The marriage of the parties was dissolved on August 31, 2017 (Novack J.T.R.) (# 110.00; # 111.55). The parties’ separation agreement, dated August 31, 2017 (the August 2017 separation agreement) (# 109.00), was incorporated by reference in the dissolution judgment.

On January 22, 2018, the plaintiff filed two motions for contempt, postjudgment (# 113.00; # 114.00). In the first motion for contempt, postjudgment (# 113.00), the plaintiff sought a finding of contempt against the defendant for his failure to pay child support pursuant to paragraph 5.2 of the August 2017 separation agreement. In the second motion for contempt, postjudgment (# 114.00), the plaintiff sought a finding of contempt for the defendant’s failure to provide proof of his life insurance coverage pursuant to paragraph 8.1 of the August 2017 separation agreement.

On March 5, 2018, the parties entered into a stipulation that addressed the plaintiff’s first and second postjudgment motions for contempt (the March 2018 stipulation) (# 117.00). The March 2018 stipulation provided that time was of the essence with respect to the defendant’s payment obligations set forth therein. The March 2018 stipulation was approved and so ordered by the court (Colin, J.) that day (# 117.01).

On May 24, 2018, the plaintiff filed a third motion for contempt, postjudgment (# 120.00), in which she contends that the defendant failed to pay the child support arrearage and counsel fees pursuant to the March 2018 stipulation. The plaintiff further alleges that the defendant’s child support arrears had increased since the March 2018 stipulation. She seeks an additional award of attorneys fees and costs pursuant to paragraph 15.2 of the August 2017 separation agreement and General Statutes § 46b-87.

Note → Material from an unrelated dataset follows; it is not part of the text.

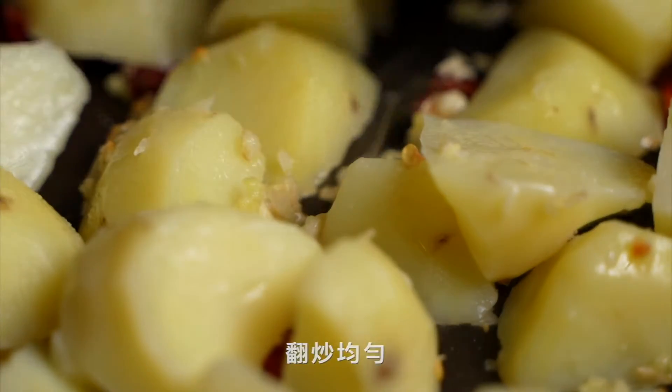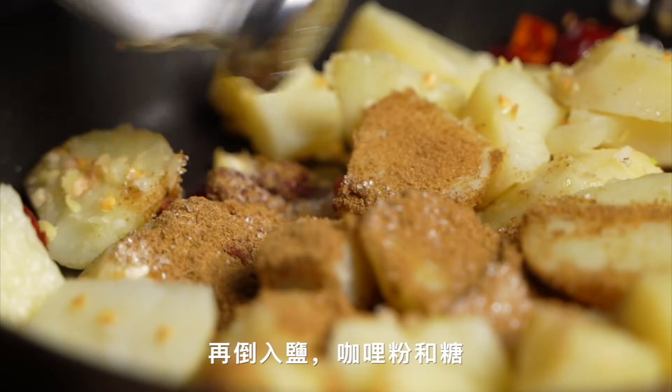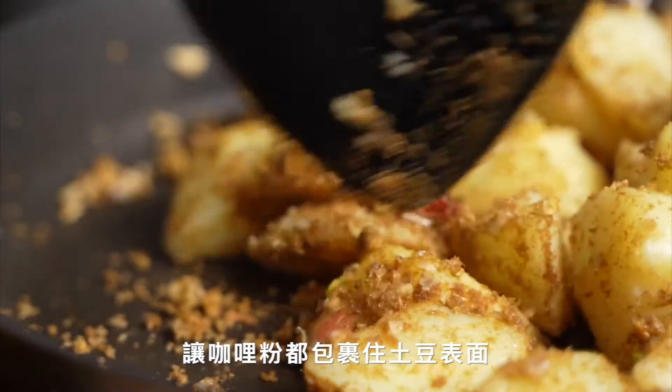I'm going to introduce my friend. This is actually a nice piece of food. This is a great place.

The plaintiff’s first, second, and third motions for contempt, postjudgment are presently before the court.

II

In making the findings of fact set forth below, the court has credited the testimony of the plaintiff.

Child support: The parties are the parents of three children who are ages eleven, nine, and eight, respectively. Under paragraph 5.2 of the August 2017 separation agreement, the defendant was to pay child support to the plaintiff in the amount of $6,000 per month ($1,385 per week), beginning December 1, 2017. The March 2018 stipulation represented that the defendant had not paid any child support. The total arrearage through March 2018 was $24,000, which the defendant was to pay in two $12,000 installments under the March 2018 stipulation. The defendant did not make either installment payment notwithstanding the clause that time was of the essence. As of the June 21, 2018 hearing date, the defendant had paid child support for only one month-April 2018-and the total arrearage was $36,000. By the July 26, 2018 hearing date, the child support arrearage was $42,000.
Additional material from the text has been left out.